In line 20934 you can find: n=tmcuart_response o=2 qt=224865.966924 fqt=224860.956439 tt=5.000000 c=[[68, 2, 5, 234, 3, 40, 32, 195, 10]]

That log indicates that the error is the result of a real problem - the host tried to send a message to the extruder’s tmc2209 chip (on the “EBBCan mcu”) and was unable to get a response. It sent the message 10 times over 5 seconds with no response.

It’s not an issue with the canbus nor toolhead mcu, as communication proceeds normally for those 5 seconds. The code just doesn’t get a response to the tmc driver queries.

It’s likely the first log had the same event - on a closer inspection, the first log was missing the “sht36v2 mcu” debugging info. That missing information was what confused me on the original analysis. It’s unclear why the original log was incomplete.

Admittedly, the error message is way too cryptic and could be improved in klipper.

FWIW, given that you’ve swapped toolhead boards and are still seeing the issue, you might want to look at temperatures, wiring, and voltage. In particular on the extruder stepper.

-Kevin

EDIT: On closer look, it does appear that the root cause could be a canbus issue.

On closer look, the canbus does look suspect. Both logs show incrementing bytes_invalid reports on the canbus. This is an indicator of reordered packets on the canbus. Reordered packets could result in a loss of messages that could eventually cause timeouts as reported here.

I’ve not heard of reports of reordering with the waveshare can hat. Some people have reported that certain Linux versions show reordered packets. Not sure what the resolution will be for your case, but you will definitely need to find a solution so that you no longer get incrementing bytes_invalid reports.

-Kevin

I started with the most simple change first and went from buster to bullseye and started a print, but after half an hour I have already >500 bytes_invalid.
I have ordered a BTT U2C module. That should move away the dependency to the used distribution, but this will need some weeks.
I have a Rock 3a that comes with native CAN, but I am too stupid to set it up. It show the CAN interface, but when I try get it up I get an error message that lead me to nothing.
My last option is a fan mount that I designed to blow on the EBB, but I would use this only to verify that it is a temperature issue.

Oh wait, I am really stupid! As I am testing without filament anyway, I could just print with bed off and very small run_current for the extruder stepper. The hotend shouldn’t do much for the temps, but I could go down with that too.

Looking into the current log. I get the first 32 bytes_invalid at a chamber temp of 25 °C. If this is temperature related then CAN is not for me.

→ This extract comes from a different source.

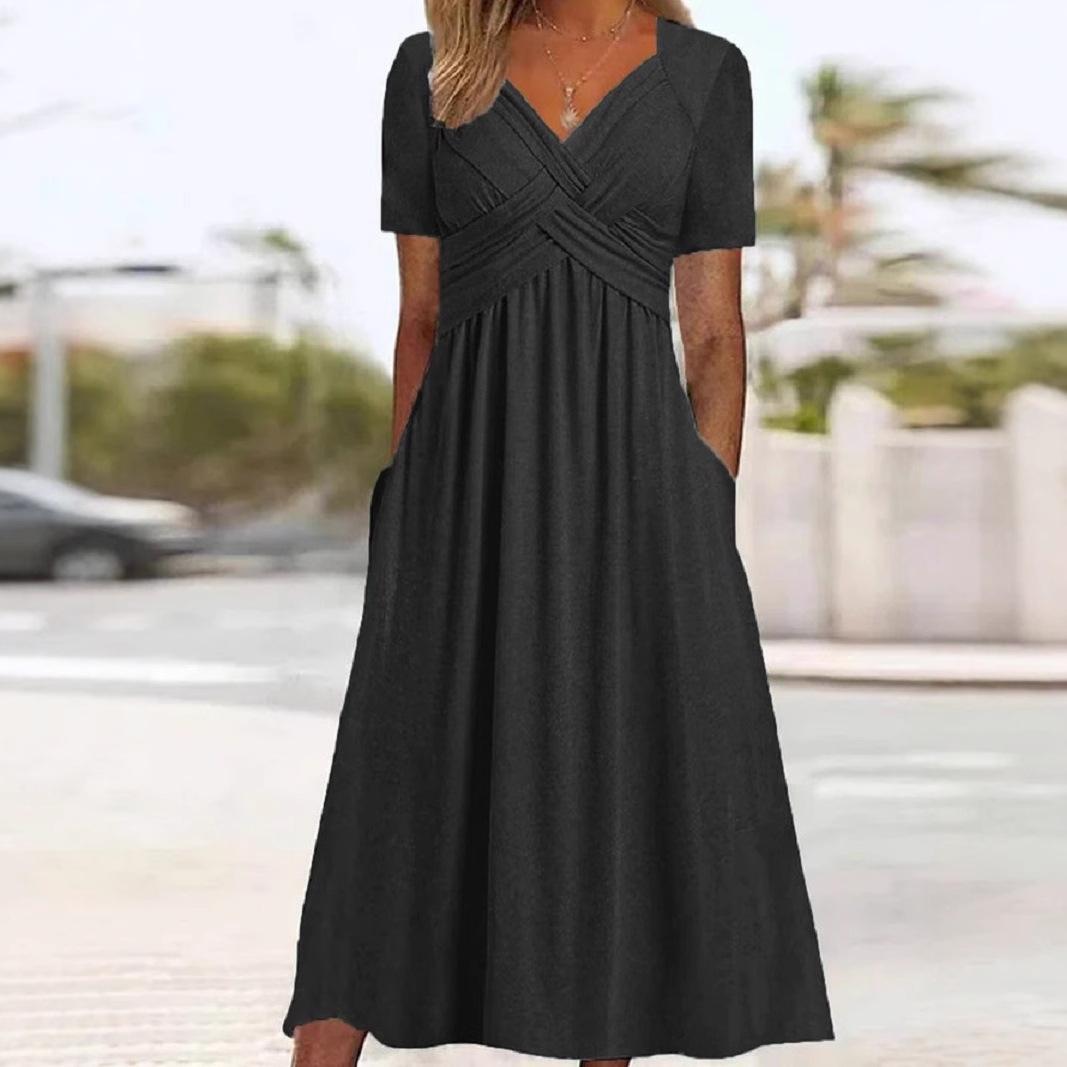 

Жіночі сексуальні довгі сукні, модні повсякденні темпераментні суцільні кольорові літні пуловери з V-подібним вирізом і короткими рукавами XXXXXL чорний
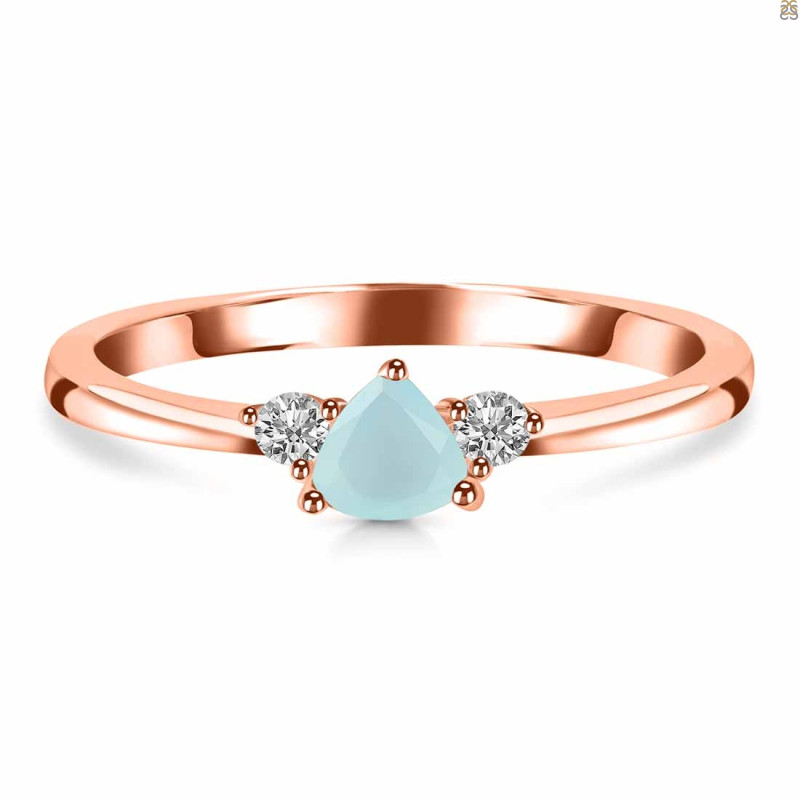 Blue Chalcedony  & White Topaz Ring BLX-RDR-2543.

Stats 6658.3: gcodein=0  mcu: mcu_awake=0.004 mcu_task_avg=0.000010 mcu_task_stddev=0.000012 bytes_write=197077 bytes_read=141326 bytes_retransmit=9 bytes_invalid=0 send_seq=6062 receive_seq=6062 retransmit_seq=2 srtt=0.001 rttvar=0.000 rto=0.025 ready_bytes=0 stalled_bytes=0 freq=99995536 EBBCan: mcu_awake=0.003 mcu_task_avg=0.000012 mcu_task_stddev=0.000017 bytes_write=65710 bytes_read=63030 bytes_retransmit=0 bytes_invalid=193 send_seq=2268 receive_seq=2268 retransmit_seq=0 srtt=0.002 rttvar=0.001 rto=0.025 ready_bytes=0 stalled_bytes=0 freq=63999710 adj=64001883 cpu: temp=47.8 chamber: temp=23.9 sd_pos=79734 heater_bed: target=0 temp=29.3 pwm=0.000 sysload=1.11 cputime=47.511 memavail=594436 print_time=509.951 buffer_time=3.411 print_stall=0 extruder: target=0 temp=30.5 pwm=0.000

It is not a temperature problem, sigh.

There is a chance that I have fixed it. At least I am printing now for real and the bytes_invalid are constant 0.
In the last try I made only a small failure and changed 2 things at once. I exchanged the waveshare hat with one that I had used for tests, and I rooted the can cables farther away from the PSU. So I am not sure what the reason was. These waveshare hats are not that complicated, I don’t believe that it is possible that they only work partly.
To look for the bytes_invalid was the information that I needed, thanks for this. But of course a problem can have always more than one cause. The print will need some hours. I will be back if the problem persists.